At GAM Investments’ latest Active Thinking forum, David Dowsett discusses the key focus point for the week ahead: what central banks are going to do next and the inflation trajectory.

13 June 2023

Although last week was a relatively quiet one in terms of information releases, there are two points we believe are particularly worthy of note. First, the data that was released was on the softer side, namely the US ISM Services PMI number which at 50.3 was barely an expansion. Notably, this is the part of the economy that has been providing strength in the US. In addition, the weekly jobless claims number was quite significantly higher. That is only a one-week observation but suggests we are seeing some slowdown in US growth. It is also notable that the euro area confirmed it has been in a technical recession for the past two quarters – only a -0.1% growth rate in Q4 2022 and Q1 2023, but bearing in mind the relief that we had avoided the worst in Europe because the energy situation was better than expected, that is quite a significant observation. Second, last week, both the Bank of Canada and the Bank of Australia raised rates, having previously paused their interest rate hiking cycle. That was a surprise but speaks to what will be a focus point this week: what central banks are going to do next and the inflation trajectory.

The first key release this week will be the US CPI number for May.
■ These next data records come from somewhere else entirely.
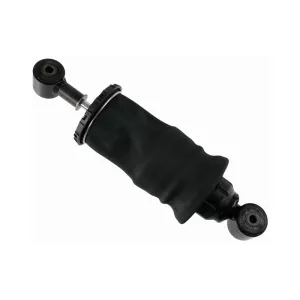MAN TGA Luftfederbein Luftstoßdämpfer Für Fahrerkabine / Fahrerhaus Vordere Mit Ventil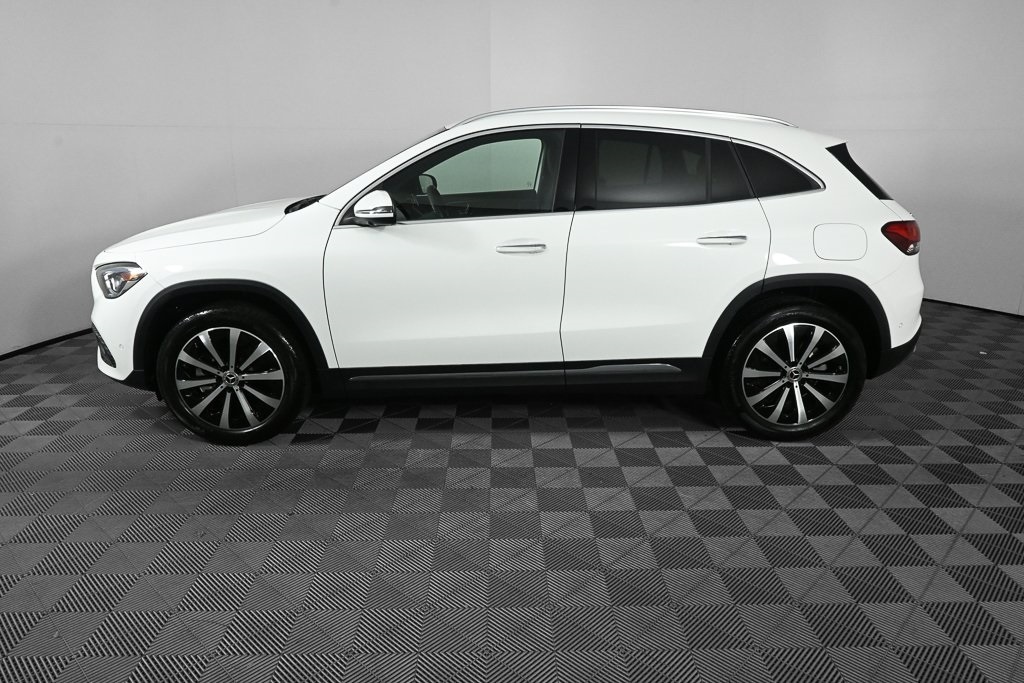 Certified 2023 Mercedes-Benz GLA 250 SUV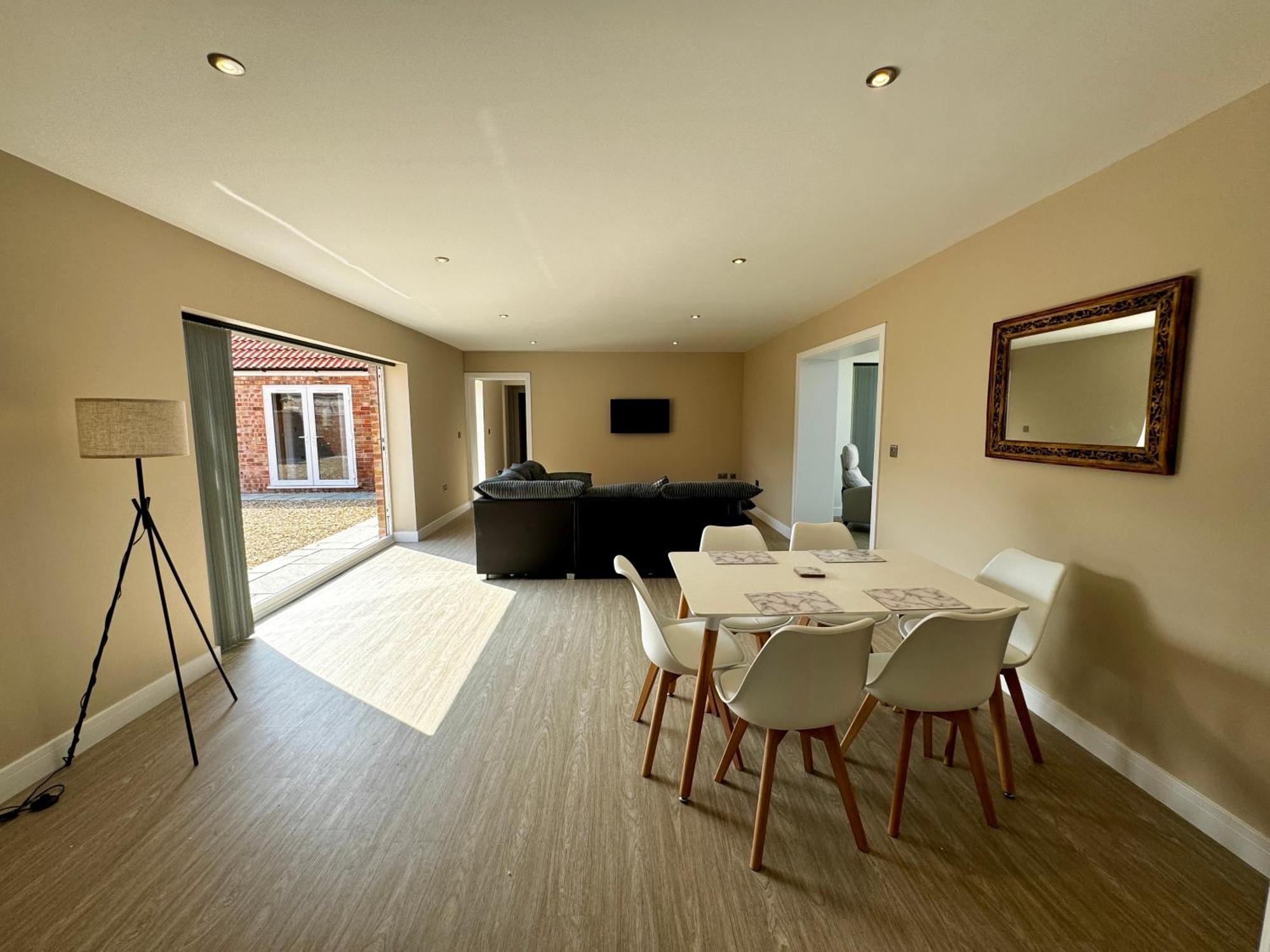 Luxury Isla Cottages, Bourne! Dog-Friendly, Countryside Views, Garden, Parking, 5Mins Pubs - Family Holiday Exteriör bild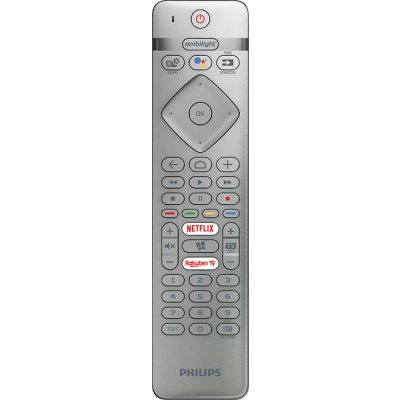 Dálkový ovladač Predátor Philips 996599002217 – Zboží Mobilmania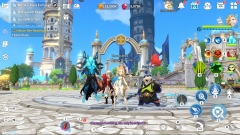 Summoners War: Chronicles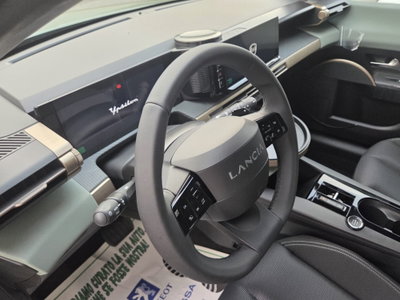 Lancia Ypsilon 1.2 mhev Edizione Limitata Cassina e-dct (9)
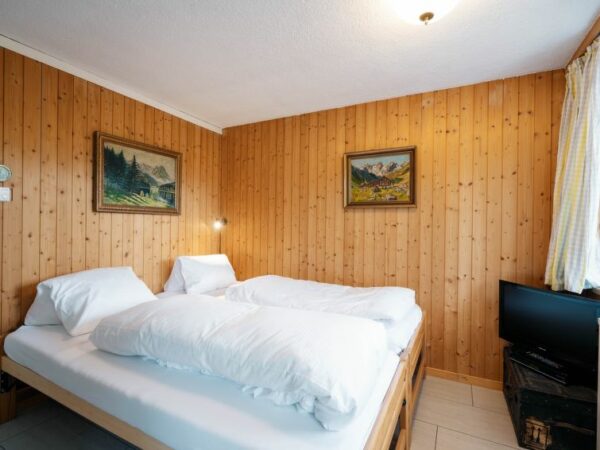 4 persoons Appartement Chalet Speer vanaf €88.44 - Image 3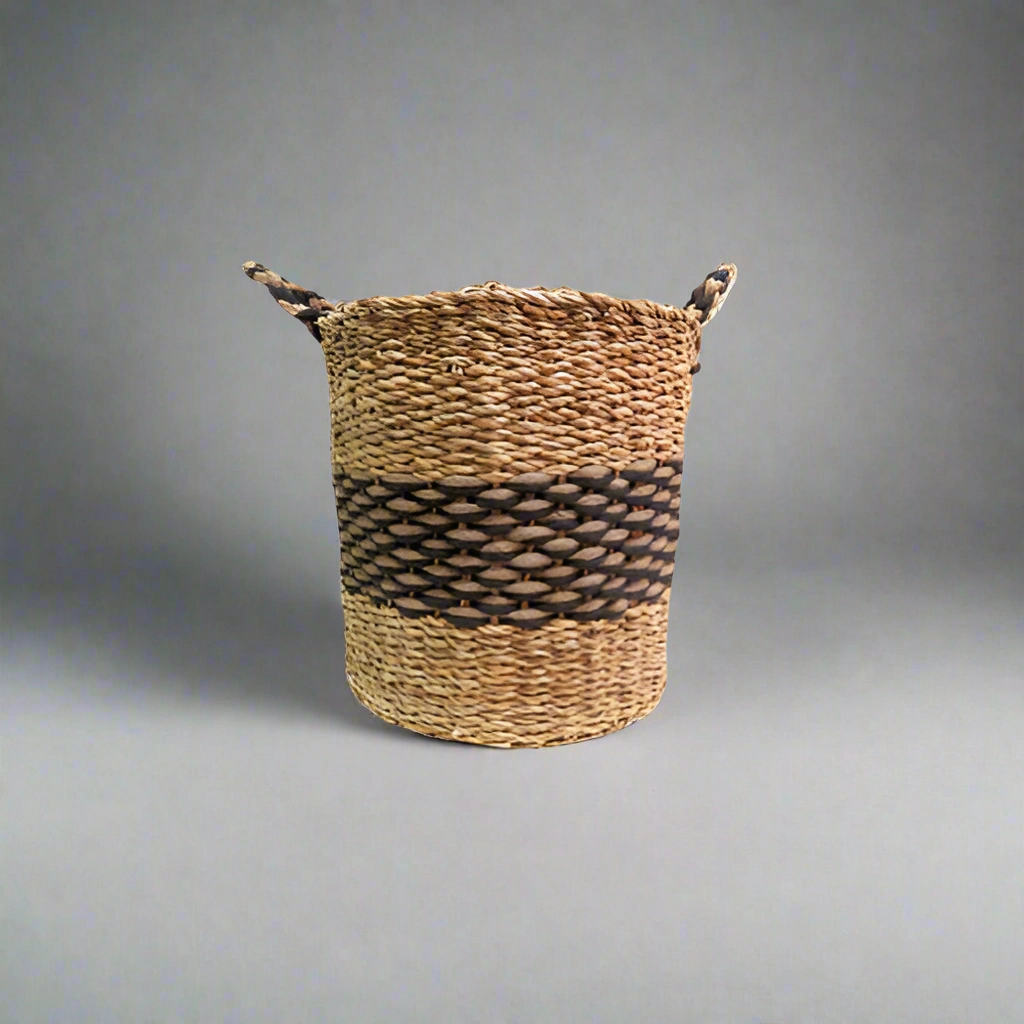 Pharo Basket decorative home ornament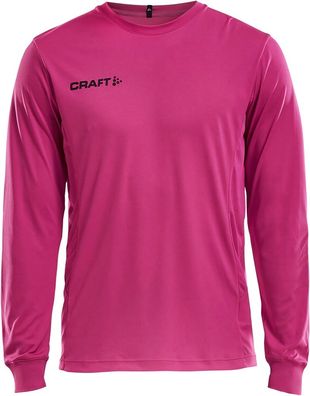 Craft Torwarttrikot Squad GO GK LS Jersey M 1905588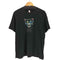 rockin'star 両面プリント S/S Tシャツ メンズ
The headline number could be close to flat but I believe markets will be focusing much more on the increase in core inflation which is probably likely to show that year-on-year inflation in the US is running at around 5%, which is still too high and will need to be addressed by the Federal Reserve (Fed) when it meets on Wednesday. We believe the most likely outcome is that the Fed will pause on Wednesday, but it will be a hawkish pause in which Chairman Powell is likely to emphasise that the Fed is not at the end of the rate hiking cycle, but rather that it wants to take some time out to see what happens on growth relative to inflation. The stickiness of core inflation, which can be observed in many of the major economies in the developed world at the moment, will need to be addressed. This will be the first key central bank meeting to focus on but there are others that we will be watching as they show divergence in the direction that central banks are currently taking.

The European Central Bank (ECB) will meet on Thursday and is likely to hike. Again, even though we are in a technical recession in Europe, the ECB is likely to raise rates by 25 basis points (bps) because of the stickiness of core inflation and we believe it will signal that it will continue to hike a little further. On 15 July we also have the Bank of China meeting, where we may see a rate cut given weaker data from China. It will be a key focus to see what the central bank does in terms of liquidity.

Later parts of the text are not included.